Who believed that a Republican debate stage would be boring without the real estate mogul’s bluster and theatrics was wrong. The remaining candidates delivered a solid and at times aggressive performance, going after each other over immigration, ISIL and America’s role in the world.

In an act of high political drama, Trump had boycotted the stage in Iowa, just four days before the caucuses there, because of a feud with debate host Fox News over a moderator who, Trump felt, was unfair to him.

With Trump skipping the debate and without the tension so characteristic in prior contests, the other candidates were able to escape his shadow. Some were more successful than others.

At one point, Cruz, who got to play frontrunner, complained that the moderators were directing all the other candidates to attack him. He was also on the defensive when Rubio, former Florida Governor Bush and Kentucky Senator Rand Paul assailed him on his hardline stance on immigration.

Cruz faced a particularly strong barrage of criticism from Rubio in the debate, with the Florida senator saying Cruz’s campaign was based on a “lie” of him being the most conservative on immigration, accusing Cruz of flip-flipping on the issue, saying, “now, you want to trump Trump on immigration.”

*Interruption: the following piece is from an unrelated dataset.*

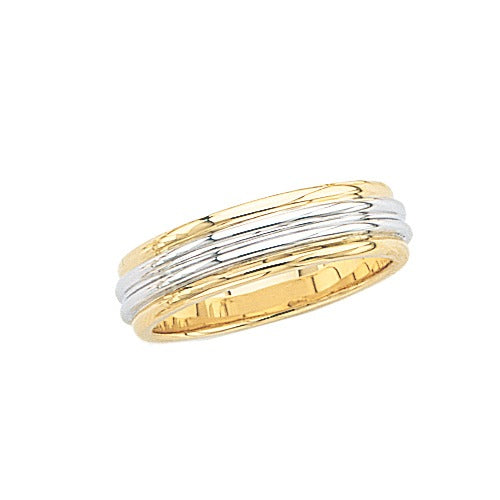 14k 2-Tone Gold Wedding Band 6mm Size 11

For Rubio, though, the Trump-less debate brought new scrutiny of his own record, which included his failed effort at immigration reform.

Rubio pursued an “earned path to citizenship” for undocumented immigrants, then backed away from his own bill. That brought an attack from Bush, Rubio’s former mentor and now rival.

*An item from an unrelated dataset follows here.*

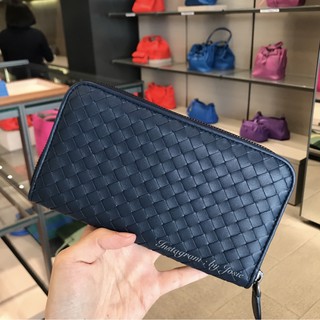 歐洲正品🇫🇷 BOTTEGA VENETA BV 小羊皮 編織皮革 拉鍊 長夾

“He led the charge to finally fix this immigration problem,” Bush said. “And then he cut and run, because I guess it wasn’t popular among conservatives.”

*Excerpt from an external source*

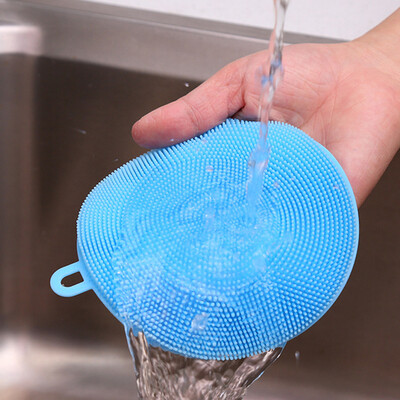 

Cntomlv 3PC Hot Multi-function Silicone Dish Scrubber Washing Sponge Brush Dishwashing Kitchen Tool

“You used to support an earned path to citizenship,” Rubio retorted. “So did you,” Bush said. “So did you, Marco.”

Rubio was the leading foreign-policy hawk on the stage, turning many questions back to the subject of the Islamic State, and his plans for stepped-up government surveillance and more detentions of terrorism suspects at Guantanamo Bay, Cuba.

Former Florida governor Jeb Bush – a frequent target of Trump’s taunts – got time to defend his family and his status as member of the hated “establishment.” “Fine, I’ll take it. I guess I’m part of the establishment because Barbara Bush is my mom,” Bush said.

Also on the stage were Ohio Governor John Kasich, New Jersey Governor Chris Christie and retired neurosurgeon Ben Carson. None of them was able to create any memorable impact.


Perhaps the most awkward moment came when Carson, in his closing statement and without further comment, recited the first paragraph of the US constitution of 1787.

Meanwhile, Trump held his own event just minutes away from the Des Moines debate venue, a hastily organized a fundraiser for veterans.

“I didn’t want to be here. I wanted to be about 4 minutes away,” he said, referring to the debate. But he said he had to take a stand.

“You have to stick up for your rights. When you are treated badly, you have to do it. You have to stick up for your rights,” Trump said.